Fortunately for me I am more ambidextrous. Writing is more comfortable left handed, but most other tasks I can do with my right hand.


----------



## Miket (Jan 27, 2008)

I'm left handed but I prefer a right handed circular saw. I like being about to peek over the blade to see where I'm cutting.


----------



## mart (Jun 23, 2008)

I am the same with the right handed circular saw. I like to see the cut line. The cordless drill is a constant source of irritation. I am always grabbing my old makita for that reason, underpowered as it is. The plate jointer bugs me some as well. I have gotten out of plenty of work for the lack of left handed shovels and rakes. I know they make left handed tape measures but haven't bought one yet.

Mart


----------



## tenontim (Feb 24, 2008)

All the years that I've been working wood (left handed), I've decided that some of the things that I know were made for right handed people just don't make sense. Take the table saw for instance. Why would you cross cut a board with the miter gauge on the left of the blade? You've got all of that wood(the part you want to keep) hanging over the left side of the saw and the small little cut off has up to 3 feet of table top to support it. I don't know if it's a lefty thing, but I've always used my miter gauge on the right side of the blade, so it was supported by the large part of the table. 
I've taught a few people that art of wood working and I'm proud to say, I taught them to do it from the lefty point of view.


----------



## Grumpy (Nov 9, 2007)

Gary, thats a good idea of yours. They could also make left handed plumb bobs & left handed axe handles.LOL


----------



## Grumpy (Nov 9, 2007)

Betsy, a lefty (or lots of us) hold a spoon in their left hand.
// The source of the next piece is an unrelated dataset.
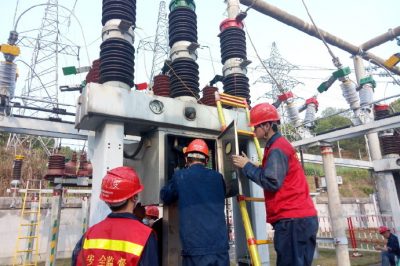 35千伏斷路器進(jìn)行機(jī)械特性及彈簧疲勞測(cè)試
The fork is also held in the left hand, as in knife & fork!.


----------



## CharlieM1958 (Nov 7, 2006)

It's those damned scissors!!!!

I agree with Mike about circular saws. To me, a right handed circular saw makes perfect sense for a lefty.


----------



## Grumpy (Nov 9, 2007)

Lee, I am glad I am a lefty, its just old age that's made me grumpy.LOL


----------



## MrWoody (Jan 25, 2008)

I've learned to work with either left or right handed tools. I use my left hand only for writing and very fine control on hand tools.


----------



## Grumpy (Nov 9, 2007)

One advantage of being a lefty, I use my right hand to control the computer mouse & my left to write & key with.


----------



## Blake (Oct 17, 2007)

I'm so confused. What is it about a biscuit jointer or a cordless drill that is frustrating for a lefty? They are almost completely symmetrical. The only difference I can see on the biscuit jointer is the dust collection port and the only difference I can see on the cordless drill is the direction you push the switch to reverse it.


----------



## CharlieM1958 (Nov 7, 2006)

Blake, I'm not sure about the drill thing either….. I can see where it might be a factor depending on the design of the particular model.

The dust port on the biscuit joiner may not seem like much, but if you don't believe it matters, try using it both ways, without the bag, and see what happens. If you hold the handle in your right hand, you'll be standing to the left of the machine and debris will blow right past you. Hold it in your left hand, and the dust blows straight into you.


----------



## bigwood (Jun 19, 2008)

Being a lefty never seemed to slow David Marks down any.

I'm a bit ambidexerous. I cut on a table saw using my left hand and stand to the right. Come to think of it I cut with a circular saw left handed very often.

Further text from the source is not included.